**PROBLEM:**
The result should be a faithful copy of every entry below, with the pictures left out.

**DATASET:**
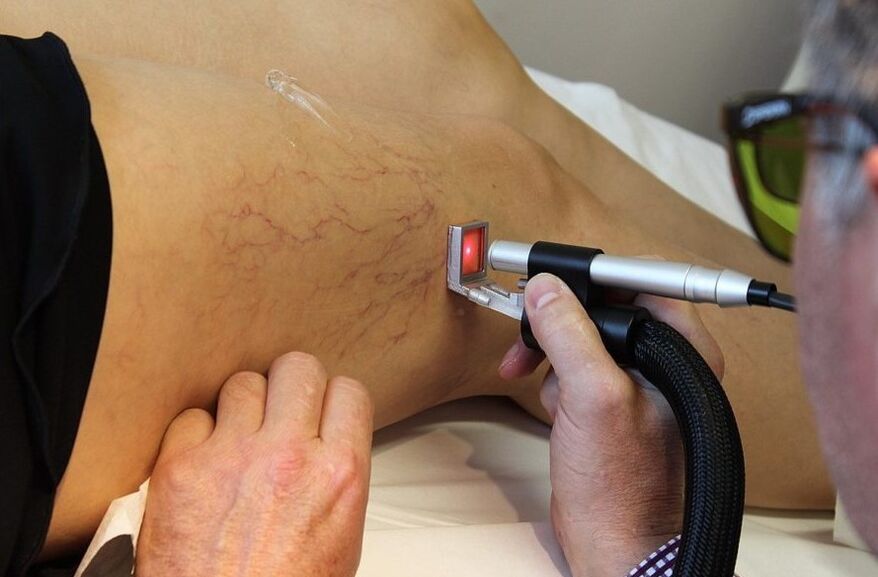Rayonnement laser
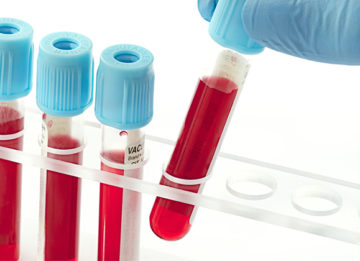 Расшифровка и показатели общего анализа крови при бронхите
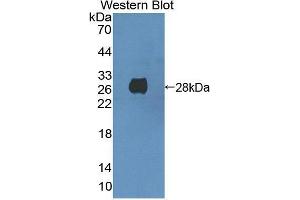 Western blot analysis of the recombinant protein. (CDK16 antibody  (AA 165-446))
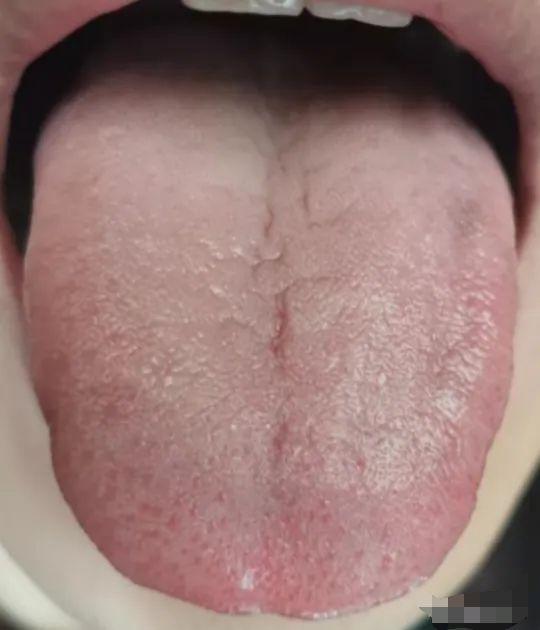 长期失眠揭秘：心火过旺、脾胃虚弱，如何找回好睡眠？
对于这位患者，长期失眠、多梦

**OUTPUT:**
Rayonnement laser
 Расшифровка и показатели общего анализа крови при бронхите
 Western blot analysis of the recombinant protein. (CDK16 antibody  (AA 165-446))
 长期失眠揭秘：心火过旺、脾胃虚弱，如何找回好睡眠？
对于这位患者，长期失眠、多梦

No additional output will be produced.